Fair enough! :tiphat:


----------



## Captainnumber36 (Jan 19, 2017)

Thank you all for your kindness and honesty, it's exactly what I need.


----------



## malvinrisan (Feb 17, 2017)

Honestly, i only go on here to have my own taste validated, so i don't look at others stuff that often. Maybe i'm an exception, i dont know.


----------



## Alexanbar (May 11, 2016)

dzc4627 said:


> Your music in its current state can only garner shallow compliments, because the music itself is somewhat shallow technically.


Any music must bring some ideas to listener.
A simple music brings little ideas, and so it is not a very interesting.

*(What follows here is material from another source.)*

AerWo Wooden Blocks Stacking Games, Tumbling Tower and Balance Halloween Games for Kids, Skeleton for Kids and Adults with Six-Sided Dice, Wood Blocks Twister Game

As a rule, to bring many ideas it needs to increase technical merit.
But a music must not like as a noise and be monotones one.


----------



## Captainnumber36 (Jan 19, 2017)

Alexanbar said:


> Any music must bring some ideas to listener.
> A simple music brings little ideas, and so it is not a very interesting.
> 
> As a rule, to bring many ideas it needs to increase technical merit.
> But a music must not like as a noise and be monotones one.


If that were true for everyone, there would be many artists out of work today that currently make much more than most Classical composers.


----------



## Alexanbar (May 11, 2016)

Captainnumber36 said:


> If that were true for everyone, there would be many artists out of work today that currently make much more than most Classical composers.


Classical misic is classical one because it is perfect techically. Respectively, It may birngs many ideas.


----------